Re: [RFC v3 18/22] cgroup,landlock: Add CGRP_NO_NEW_PRIVS to handle unprivileged hooks
From: Alexei Starovoitov
Date: Wed Sep 14 2016 - 22:20:29 EST
On Wed, Sep 14, 2016 at 06:25:07PM -0700, Andy Lutomirski wrote:
> On Wed, Sep 14, 2016 at 3:11 PM, Mickaël Salaün <mic@xxxxxxxxxxx> wrote:
> >
> > On 14/09/2016 20:27, Andy Lutomirski wrote:
> >> On Wed, Sep 14, 2016 at 12:24 AM, Mickaël Salaün <mic@xxxxxxxxxxx> wrote:
> >>> Add a new flag CGRP_NO_NEW_PRIVS for each cgroup. This flag is initially
> >>> set for all cgroup except the root. The flag is clear when a new process
> >>> without the no_new_privs flags is attached to the cgroup.
> >>>
> >>> If a cgroup is landlocked, then any new attempt, from an unprivileged
> >>> process, to attach a process without no_new_privs to this cgroup will
> >>> be denied.
> >>
> >> Until and unless everyone can agree on a way to properly namespace,
> >> delegate, etc cgroups, I think that trying to add unprivileged
> >> semantics to cgroups is nuts. Given the big thread about cgroup v2,
> >> no-internal-tasks, etc, I just don't see how this approach can be
> >> viable.
> >
> > As far as I can tell, the no_new_privs flag of at task is not related to
> > namespaces. The CGRP_NO_NEW_PRIVS flag is only a cache to quickly access
> > the no_new_privs property of *tasks* in a cgroup. The semantic is unchanged.
> >
> > Using cgroup is optional, any task could use the seccomp-based
> > landlocking instead.

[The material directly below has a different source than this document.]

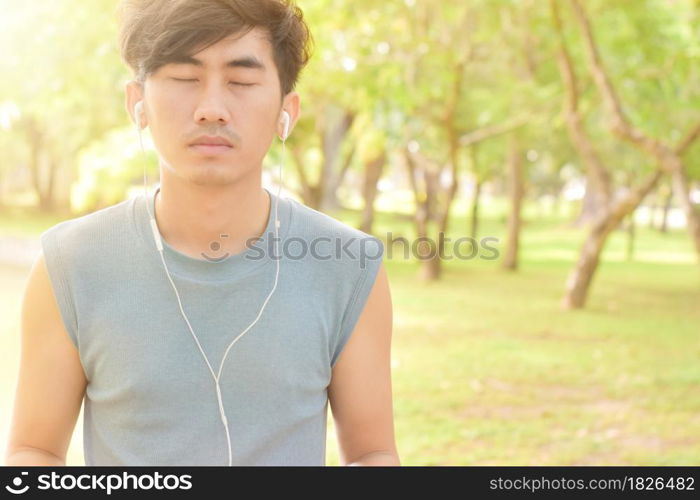 Asian man listening music with his smartphone in park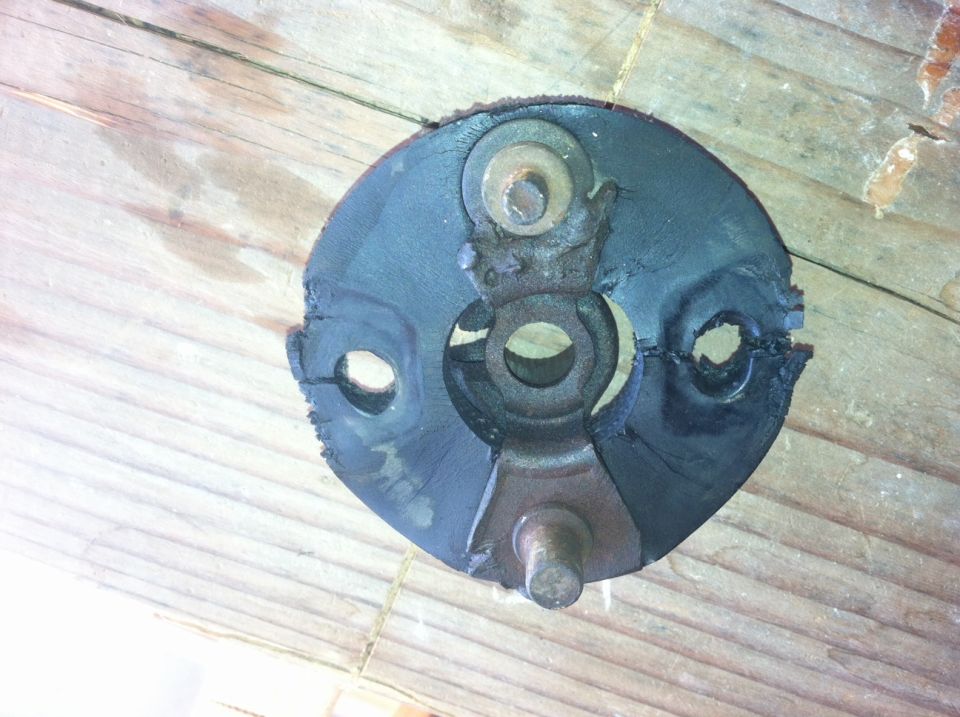 Close-up of a damaged rubber and metal component, possibly a motor mount or U-joint bearing, resting on a wooden surface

However, for those that want/need to manage a
> > security policy in a more dynamic way, using cgroups may make sense.
> >
> > I though cgroup delegation was OK in the v2, isn't it the case? Do you
> > have some links?
> >
> >>
> >> Can we try to make landlock work completely independently of cgroups
> >> so that it doesn't get stuck and so that programs can use it without
> >> worrying about cgroup v1 vs v2, interactions with cgroup managers,
> >> cgroup managers that (supposedly?) will start migrating processes
> >> around piecemeal and almost certainly blowing up landlock in the
> >> process, etc?
> >
> > This RFC handle both cgroup and seccomp approaches in a similar way. I
> > don't see why building on top of cgroup v2 is a problem. Is there
> > security issues with delegation?
>
> What I mean is: cgroup v2 delegation has a functionality problem.
> Tejun says [1]:
>
> We haven't had to face this decision because cgroup has never properly
> supported delegating to applications and the in-use setups where this
> happens are custom configurations where there is no boundary between
> system and applications and adhoc trial-and-error is good enough a way
> to find a working solution. That wiggle room goes away once we
> officially open this up to individual applications.
>
> Unless and until that changes, I think that landlock should stay away
> from cgroups. Others could reasonably disagree with me.
Ours and Sargun's use cases for cgroup+lsm+bpf is not for security
and not for sandboxing. So the above doesn't matter in such contexts.
lsm hooks + cgroups provide convenient scope and existing entry points.
Please see checmate examples how it's used.